» What is being asked
From the listing that follows, reproduce only the lines from the one holding "A repeating floral" through the one holding "Clothes washing area", both included, with no pictures.

» Data extract

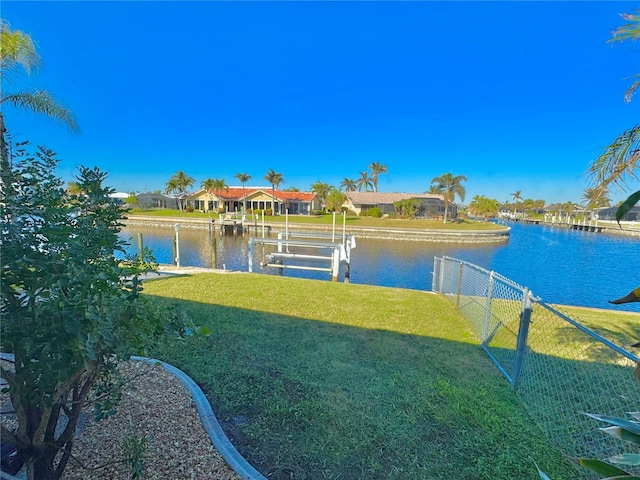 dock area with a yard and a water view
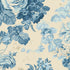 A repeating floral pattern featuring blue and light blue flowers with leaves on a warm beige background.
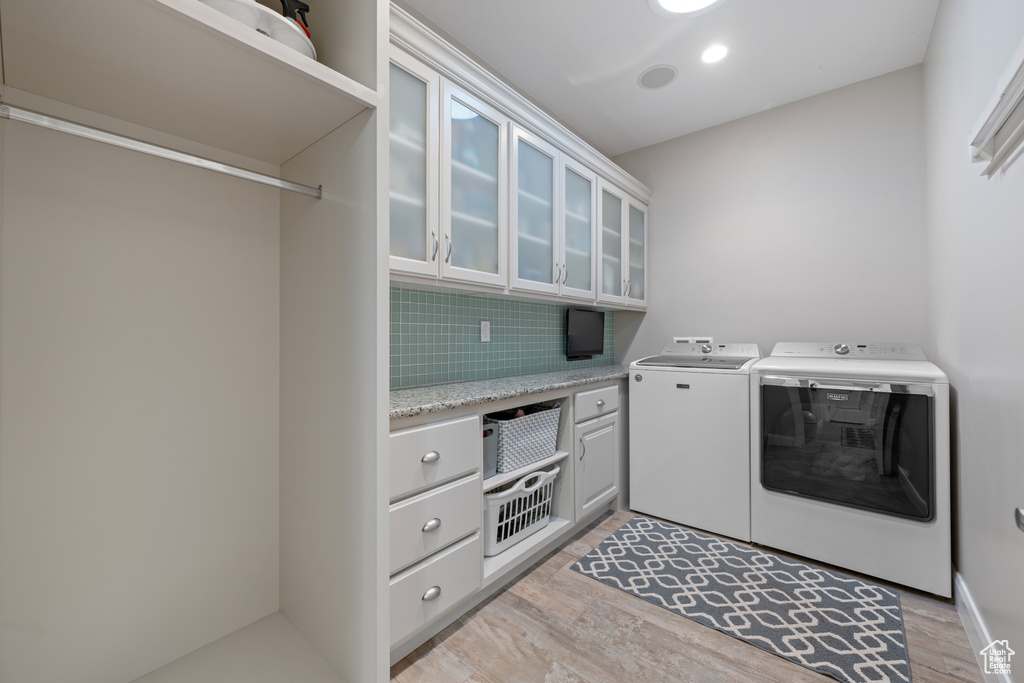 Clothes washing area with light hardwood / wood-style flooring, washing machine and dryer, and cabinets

* * *

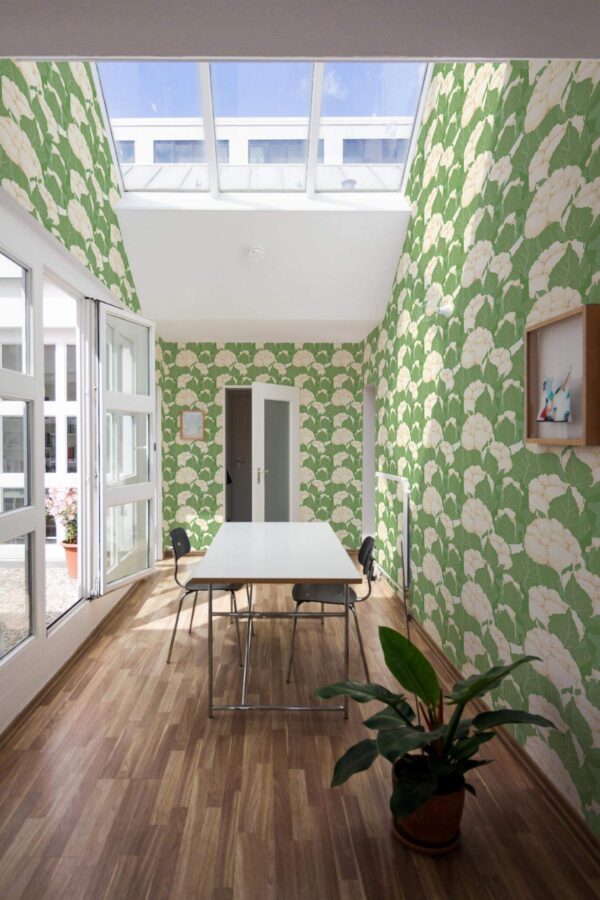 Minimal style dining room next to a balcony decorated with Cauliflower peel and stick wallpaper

» Task output
 A repeating floral pattern featuring blue and light blue flowers with leaves on a warm beige background.
 Clothes washing area with light hardwood / wood-style flooring, washing machine and dryer, and cabinets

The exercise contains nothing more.